• WHAT IS EXPECTED:
Span requested from the data below: the line with "HP 981A Yellow Ink Cartridge - (J3M70A)" through the line with "Apartment Niko - Self", both included. Give only these lines again, exactly, and leave every picture out.

• SUPPLIED RECORDS:

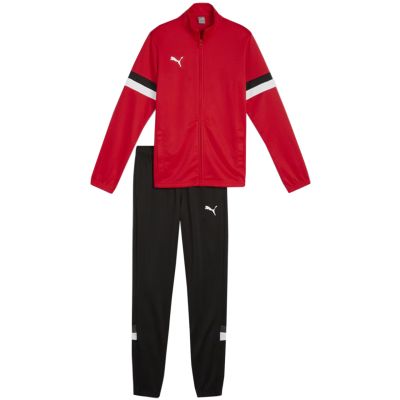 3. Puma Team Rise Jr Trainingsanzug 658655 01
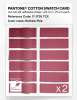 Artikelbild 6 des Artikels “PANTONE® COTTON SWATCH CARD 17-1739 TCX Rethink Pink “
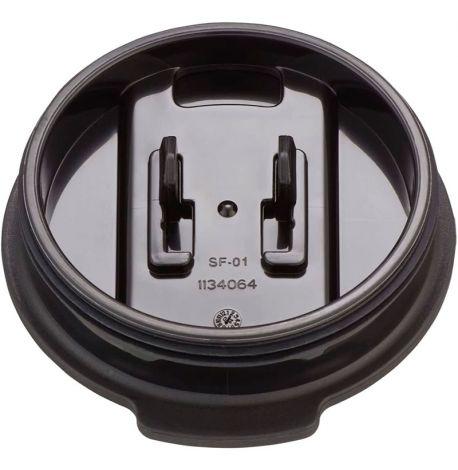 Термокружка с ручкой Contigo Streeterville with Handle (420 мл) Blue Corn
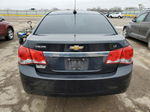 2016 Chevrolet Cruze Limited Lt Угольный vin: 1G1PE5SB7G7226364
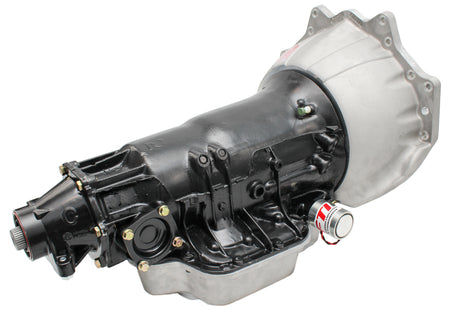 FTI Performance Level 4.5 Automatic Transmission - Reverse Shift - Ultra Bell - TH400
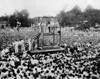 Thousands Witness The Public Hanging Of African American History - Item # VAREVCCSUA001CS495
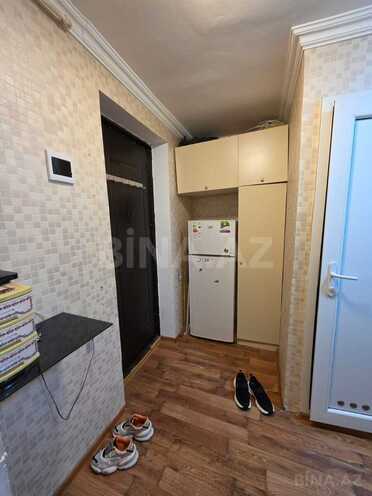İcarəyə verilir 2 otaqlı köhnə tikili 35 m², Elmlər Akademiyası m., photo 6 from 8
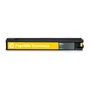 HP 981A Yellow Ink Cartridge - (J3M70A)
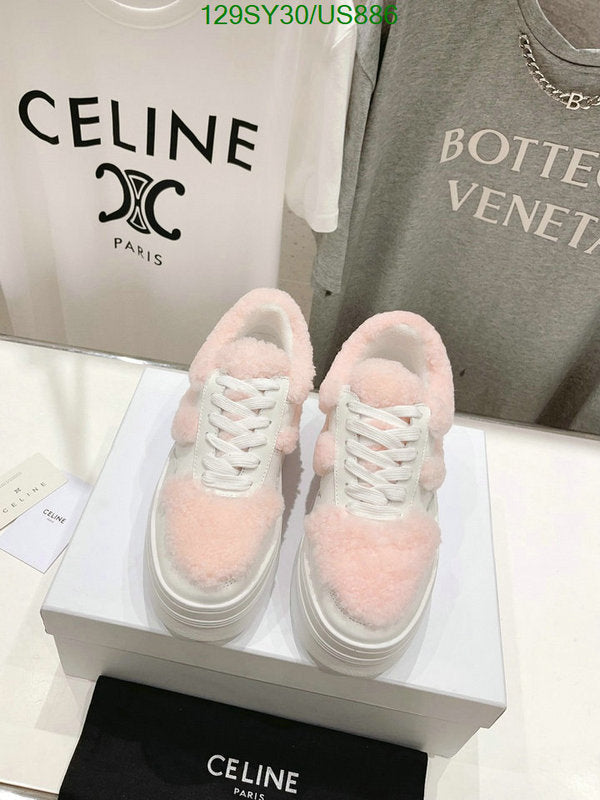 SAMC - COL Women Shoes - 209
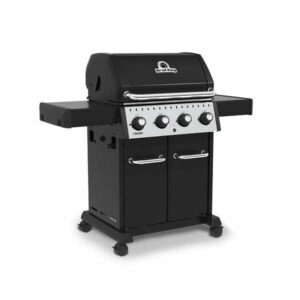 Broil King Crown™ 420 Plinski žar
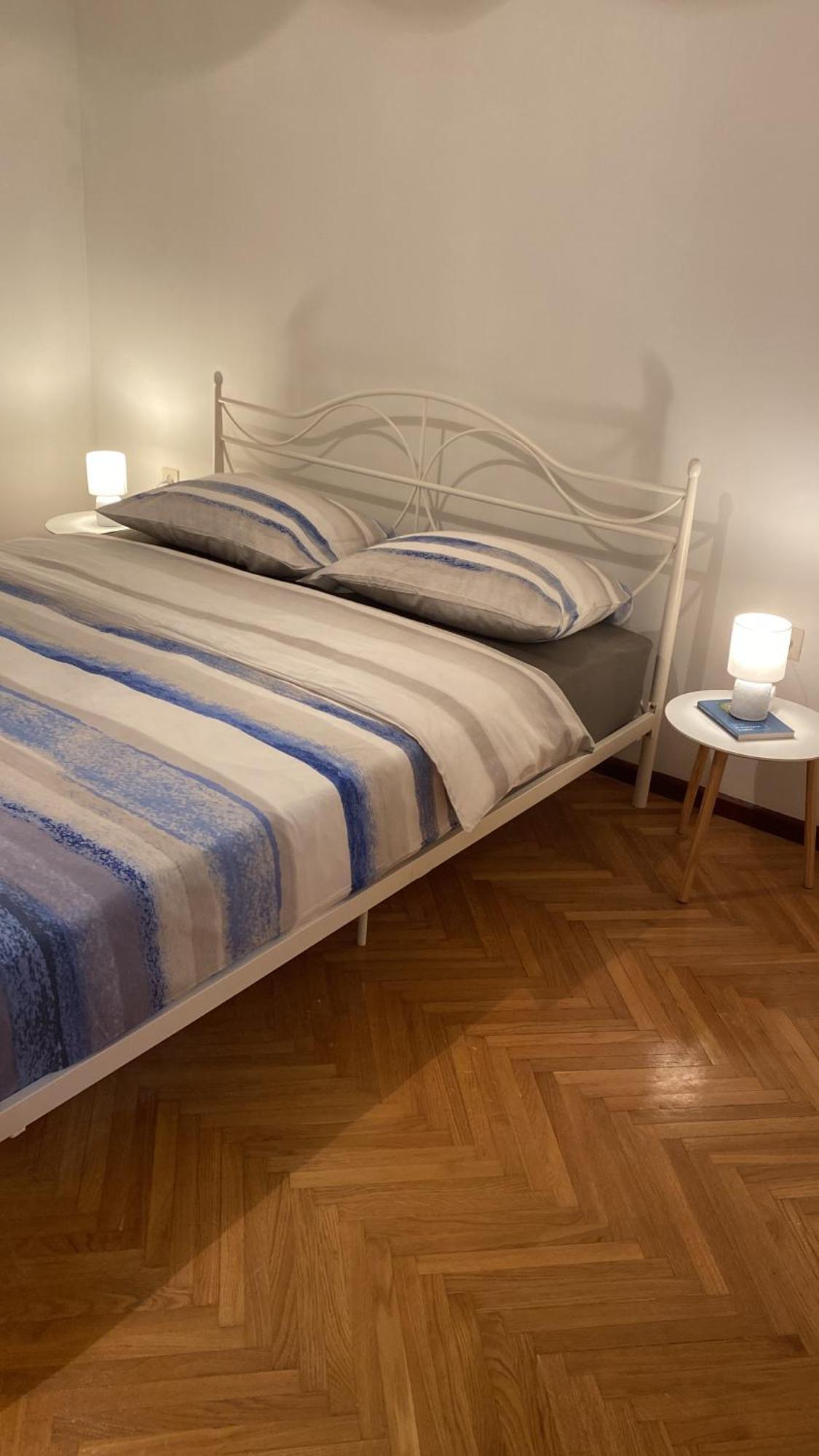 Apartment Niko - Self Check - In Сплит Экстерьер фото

---

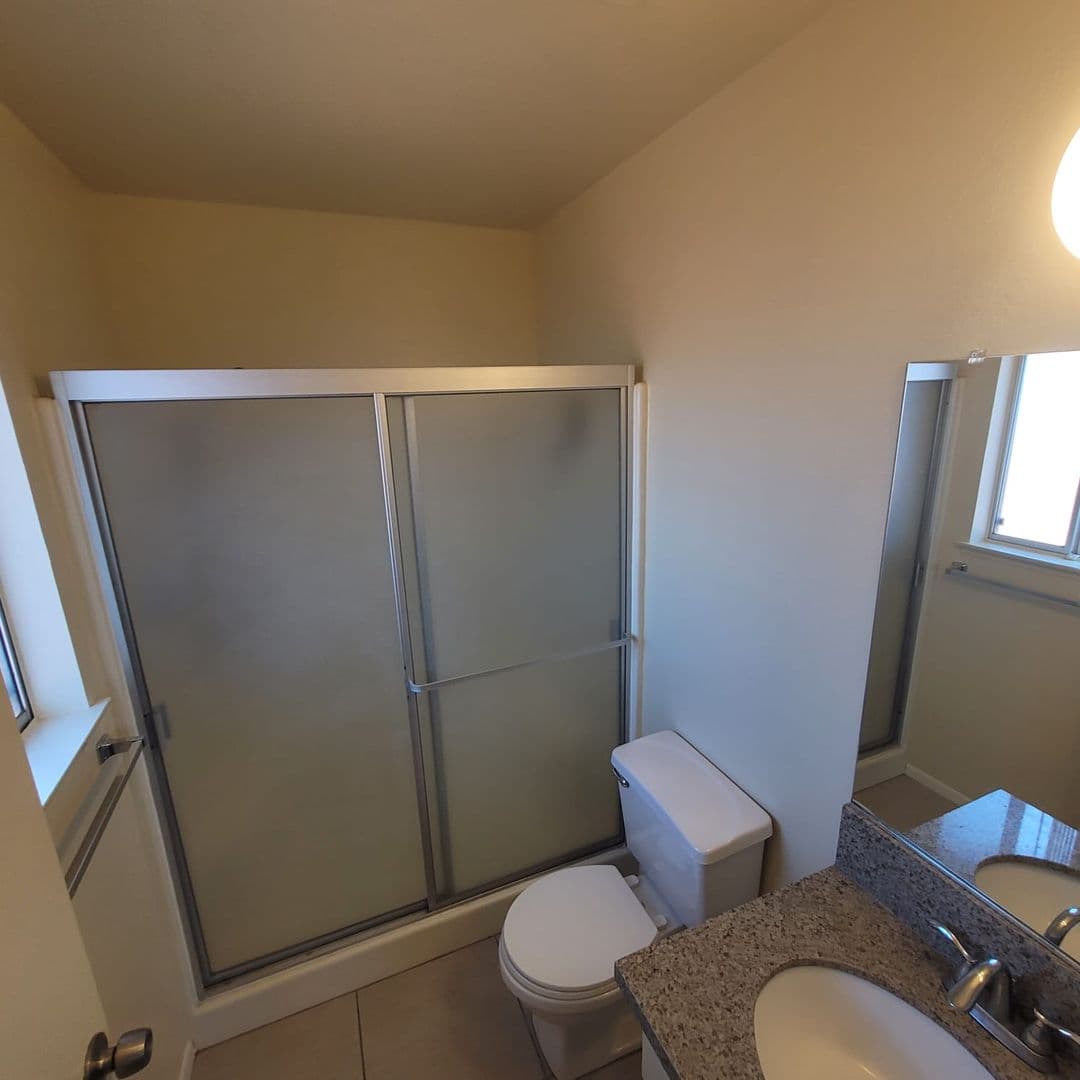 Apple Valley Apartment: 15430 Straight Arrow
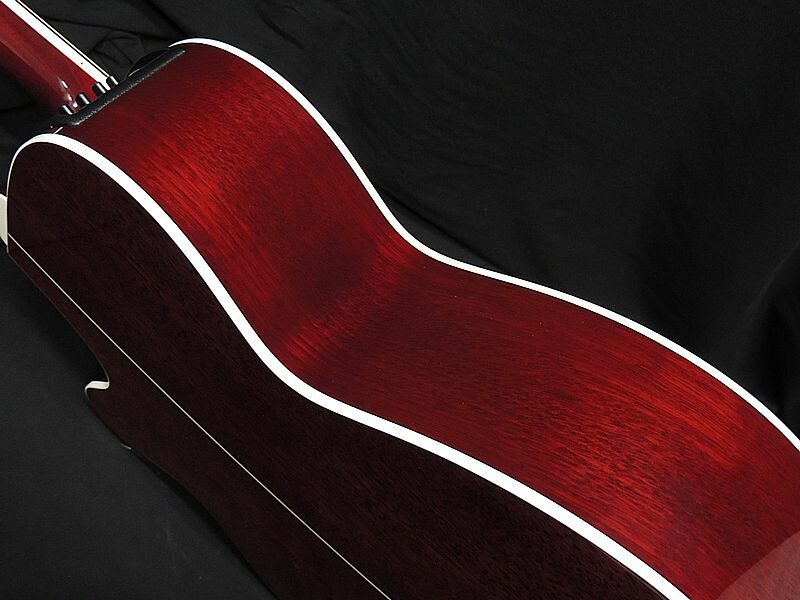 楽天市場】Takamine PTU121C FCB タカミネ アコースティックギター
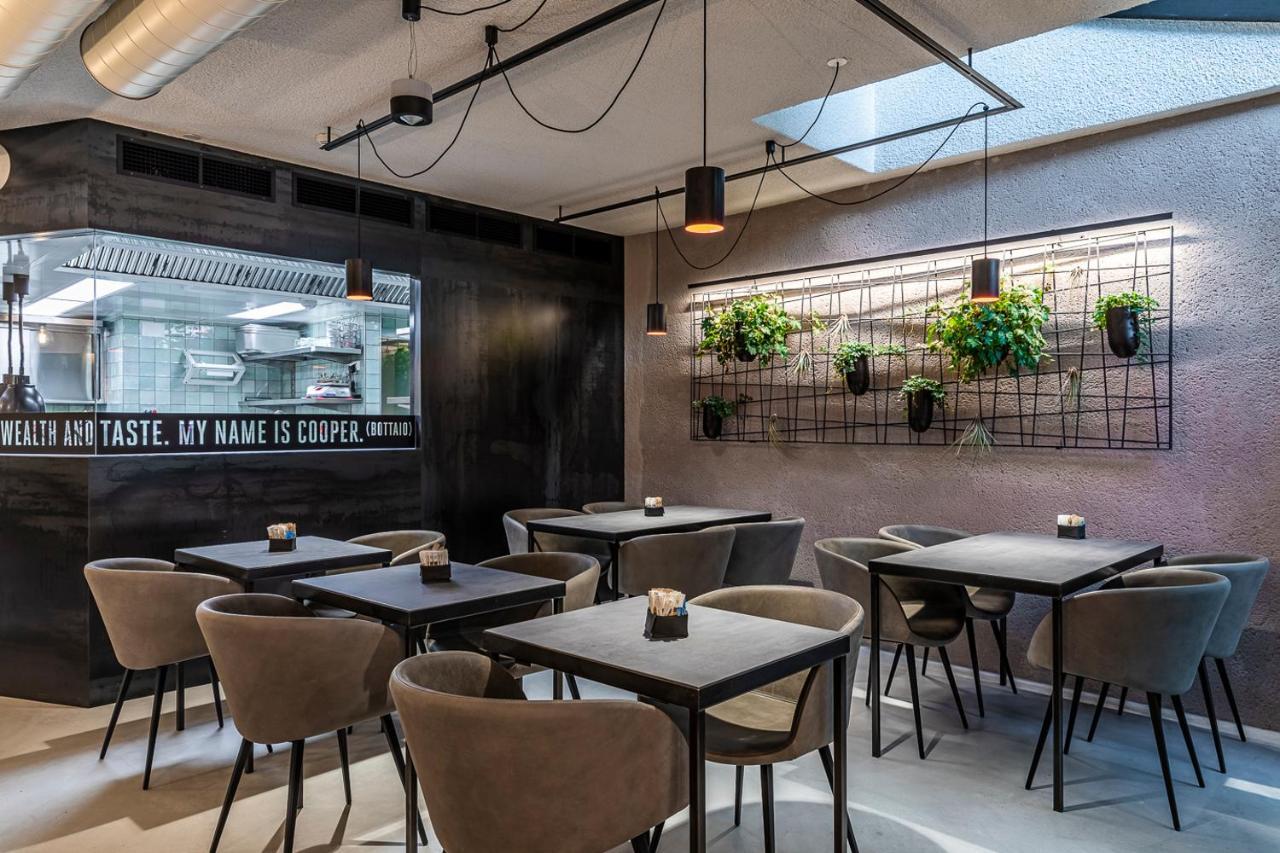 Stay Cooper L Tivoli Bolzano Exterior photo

• SOLUTION TO THE EXERCISE:
 HP 981A Yellow Ink Cartridge - (J3M70A)
 SAMC - COL Women Shoes - 209
 Broil King Crown™ 420 Plinski žar
 Apartment Niko - Self Check - In Сплит Экстерьер фото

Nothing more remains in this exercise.